#### DATA SHOWN
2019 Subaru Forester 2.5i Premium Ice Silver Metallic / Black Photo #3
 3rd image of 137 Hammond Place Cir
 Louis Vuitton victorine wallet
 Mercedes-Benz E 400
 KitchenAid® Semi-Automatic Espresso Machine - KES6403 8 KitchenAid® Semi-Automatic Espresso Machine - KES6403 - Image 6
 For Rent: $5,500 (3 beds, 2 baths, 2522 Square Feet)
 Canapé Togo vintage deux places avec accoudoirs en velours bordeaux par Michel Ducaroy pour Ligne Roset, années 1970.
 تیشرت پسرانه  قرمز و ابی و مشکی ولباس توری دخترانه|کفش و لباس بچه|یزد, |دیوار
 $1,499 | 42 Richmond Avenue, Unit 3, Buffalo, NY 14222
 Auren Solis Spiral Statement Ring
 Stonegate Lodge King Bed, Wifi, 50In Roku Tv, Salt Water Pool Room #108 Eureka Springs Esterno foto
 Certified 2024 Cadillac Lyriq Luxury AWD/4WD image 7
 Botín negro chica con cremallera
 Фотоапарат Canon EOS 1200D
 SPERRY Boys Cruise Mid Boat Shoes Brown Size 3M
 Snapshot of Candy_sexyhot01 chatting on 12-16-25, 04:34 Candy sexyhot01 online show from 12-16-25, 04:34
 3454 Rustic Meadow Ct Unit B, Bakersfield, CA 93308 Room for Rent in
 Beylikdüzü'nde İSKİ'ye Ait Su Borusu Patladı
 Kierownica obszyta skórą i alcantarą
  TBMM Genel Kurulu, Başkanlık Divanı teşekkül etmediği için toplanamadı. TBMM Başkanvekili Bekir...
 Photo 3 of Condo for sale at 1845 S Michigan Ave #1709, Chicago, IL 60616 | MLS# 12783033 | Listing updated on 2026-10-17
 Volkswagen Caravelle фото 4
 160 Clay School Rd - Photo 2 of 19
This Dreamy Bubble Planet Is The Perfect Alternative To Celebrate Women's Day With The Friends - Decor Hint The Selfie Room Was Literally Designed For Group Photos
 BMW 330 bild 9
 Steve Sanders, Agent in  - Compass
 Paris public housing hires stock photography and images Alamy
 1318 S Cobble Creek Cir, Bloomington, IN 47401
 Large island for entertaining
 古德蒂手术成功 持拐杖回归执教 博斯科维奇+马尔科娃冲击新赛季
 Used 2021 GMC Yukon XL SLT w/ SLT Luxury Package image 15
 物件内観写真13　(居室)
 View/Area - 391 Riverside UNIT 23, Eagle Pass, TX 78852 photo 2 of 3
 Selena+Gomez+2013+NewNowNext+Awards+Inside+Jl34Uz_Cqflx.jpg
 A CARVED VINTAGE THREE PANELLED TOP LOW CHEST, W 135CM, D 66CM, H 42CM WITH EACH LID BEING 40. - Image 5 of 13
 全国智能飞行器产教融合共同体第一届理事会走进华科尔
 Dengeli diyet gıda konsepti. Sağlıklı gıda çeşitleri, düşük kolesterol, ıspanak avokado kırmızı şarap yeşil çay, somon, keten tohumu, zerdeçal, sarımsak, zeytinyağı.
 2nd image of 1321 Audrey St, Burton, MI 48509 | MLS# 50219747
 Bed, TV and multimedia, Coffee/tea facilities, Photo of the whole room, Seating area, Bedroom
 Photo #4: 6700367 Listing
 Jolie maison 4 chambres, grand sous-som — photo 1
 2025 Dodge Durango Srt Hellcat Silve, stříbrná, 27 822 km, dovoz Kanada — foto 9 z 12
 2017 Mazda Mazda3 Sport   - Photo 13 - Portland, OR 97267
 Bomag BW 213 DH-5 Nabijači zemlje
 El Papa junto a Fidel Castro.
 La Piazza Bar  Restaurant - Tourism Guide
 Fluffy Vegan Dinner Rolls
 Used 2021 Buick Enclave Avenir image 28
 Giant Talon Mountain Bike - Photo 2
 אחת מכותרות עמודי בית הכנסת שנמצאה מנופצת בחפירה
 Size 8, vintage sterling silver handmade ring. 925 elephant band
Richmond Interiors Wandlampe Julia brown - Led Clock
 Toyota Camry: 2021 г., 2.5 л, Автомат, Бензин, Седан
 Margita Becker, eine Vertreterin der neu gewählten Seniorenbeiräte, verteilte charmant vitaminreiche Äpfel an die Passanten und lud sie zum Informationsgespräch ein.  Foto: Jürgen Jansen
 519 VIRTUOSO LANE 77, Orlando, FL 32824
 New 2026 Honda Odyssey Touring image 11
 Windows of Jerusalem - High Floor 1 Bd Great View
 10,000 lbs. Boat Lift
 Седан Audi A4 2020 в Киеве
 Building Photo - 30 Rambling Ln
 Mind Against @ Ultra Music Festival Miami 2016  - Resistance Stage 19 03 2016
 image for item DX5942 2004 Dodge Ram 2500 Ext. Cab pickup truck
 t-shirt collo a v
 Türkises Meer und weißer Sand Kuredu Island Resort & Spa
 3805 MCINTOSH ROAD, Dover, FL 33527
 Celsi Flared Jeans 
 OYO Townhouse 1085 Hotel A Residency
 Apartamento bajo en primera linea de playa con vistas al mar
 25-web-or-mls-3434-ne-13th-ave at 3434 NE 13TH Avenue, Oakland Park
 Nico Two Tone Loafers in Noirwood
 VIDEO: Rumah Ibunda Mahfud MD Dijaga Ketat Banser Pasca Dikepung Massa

#### WORK TO BE COMPLETED
What you should produce is an exact copy of the records above.

#### RESULT
2019 Subaru Forester 2.5i Premium Ice Silver Metallic / Black Photo #3
 3rd image of 137 Hammond Place Cir
 Louis Vuitton victorine wallet
 Mercedes-Benz E 400
 KitchenAid® Semi-Automatic Espresso Machine - KES6403 8 KitchenAid® Semi-Automatic Espresso Machine - KES6403 - Image 6
 For Rent: $5,500 (3 beds, 2 baths, 2522 Square Feet)
 Canapé Togo vintage deux places avec accoudoirs en velours bordeaux par Michel Ducaroy pour Ligne Roset, années 1970.
 تیشرت پسرانه  قرمز و ابی و مشکی ولباس توری دخترانه|کفش و لباس بچه|یزد, |دیوار
 $1,499 | 42 Richmond Avenue, Unit 3, Buffalo, NY 14222
 Auren Solis Spiral Statement Ring
 Stonegate Lodge King Bed, Wifi, 50In Roku Tv, Salt Water Pool Room #108 Eureka Springs Esterno foto
 Certified 2024 Cadillac Lyriq Luxury AWD/4WD image 7
 Botín negro chica con cremallera
 Фотоапарат Canon EOS 1200D
 SPERRY Boys Cruise Mid Boat Shoes Brown Size 3M
 Snapshot of Candy_sexyhot01 chatting on 12-16-25, 04:34 Candy sexyhot01 online show from 12-16-25, 04:34
 3454 Rustic Meadow Ct Unit B, Bakersfield, CA 93308 Room for Rent in
 Beylikdüzü'nde İSKİ'ye Ait Su Borusu Patladı
 Kierownica obszyta skórą i alcantarą
  TBMM Genel Kurulu, Başkanlık Divanı teşekkül etmediği için toplanamadı. TBMM Başkanvekili Bekir...
 Photo 3 of Condo for sale at 1845 S Michigan Ave #1709, Chicago, IL 60616 | MLS# 12783033 | Listing updated on 2026-10-17
 Volkswagen Caravelle фото 4
 160 Clay School Rd - Photo 2 of 19
This Dreamy Bubble Planet Is The Perfect Alternative To Celebrate Women's Day With The Friends - Decor Hint The Selfie Room Was Literally Designed For Group Photos
 BMW 330 bild 9
 Steve Sanders, Agent in  - Compass
 Paris public housing hires stock photography and images Alamy
 1318 S Cobble Creek Cir, Bloomington, IN 47401
 Large island for entertaining
 古德蒂手术成功 持拐杖回归执教 博斯科维奇+马尔科娃冲击新赛季
 Used 2021 GMC Yukon XL SLT w/ SLT Luxury Package image 15
 物件内観写真13　(居室)
 View/Area - 391 Riverside UNIT 23, Eagle Pass, TX 78852 photo 2 of 3
 Selena+Gomez+2013+NewNowNext+Awards+Inside+Jl34Uz_Cqflx.jpg
 A CARVED VINTAGE THREE PANELLED TOP LOW CHEST, W 135CM, D 66CM, H 42CM WITH EACH LID BEING 40. - Image 5 of 13
 全国智能飞行器产教融合共同体第一届理事会走进华科尔
 Dengeli diyet gıda konsepti. Sağlıklı gıda çeşitleri, düşük kolesterol, ıspanak avokado kırmızı şarap yeşil çay, somon, keten tohumu, zerdeçal, sarımsak, zeytinyağı.
 2nd image of 1321 Audrey St, Burton, MI 48509 | MLS# 50219747
 Bed, TV and multimedia, Coffee/tea facilities, Photo of the whole room, Seating area, Bedroom
 Photo #4: 6700367 Listing
 Jolie maison 4 chambres, grand sous-som — photo 1
 2025 Dodge Durango Srt Hellcat Silve, stříbrná, 27 822 km, dovoz Kanada — foto 9 z 12
 2017 Mazda Mazda3 Sport   - Photo 13 - Portland, OR 97267
 Bomag BW 213 DH-5 Nabijači zemlje
 El Papa junto a Fidel Castro.
 La Piazza Bar  Restaurant - Tourism Guide
 Fluffy Vegan Dinner Rolls
 Used 2021 Buick Enclave Avenir image 28
 Giant Talon Mountain Bike - Photo 2
 אחת מכותרות עמודי בית הכנסת שנמצאה מנופצת בחפירה
 Size 8, vintage sterling silver handmade ring. 925 elephant band
Richmond Interiors Wandlampe Julia brown - Led Clock
 Toyota Camry: 2021 г., 2.5 л, Автомат, Бензин, Седан
 Margita Becker, eine Vertreterin der neu gewählten Seniorenbeiräte, verteilte charmant vitaminreiche Äpfel an die Passanten und lud sie zum Informationsgespräch ein.  Foto: Jürgen Jansen
 519 VIRTUOSO LANE 77, Orlando, FL 32824
 New 2026 Honda Odyssey Touring image 11
 Windows of Jerusalem - High Floor 1 Bd Great View
 10,000 lbs. Boat Lift
 Седан Audi A4 2020 в Киеве
 Building Photo - 30 Rambling Ln
 Mind Against @ Ultra Music Festival Miami 2016  - Resistance Stage 19 03 2016
 image for item DX5942 2004 Dodge Ram 2500 Ext. Cab pickup truck
 t-shirt collo a v
 Türkises Meer und weißer Sand Kuredu Island Resort & Spa
 3805 MCINTOSH ROAD, Dover, FL 33527
 Celsi Flared Jeans 
 OYO Townhouse 1085 Hotel A Residency
 Apartamento bajo en primera linea de playa con vistas al mar
 25-web-or-mls-3434-ne-13th-ave at 3434 NE 13TH Avenue, Oakland Park
 Nico Two Tone Loafers in Noirwood
 VIDEO: Rumah Ibunda Mahfud MD Dijaga Ketat Banser Pasca Dikepung Massa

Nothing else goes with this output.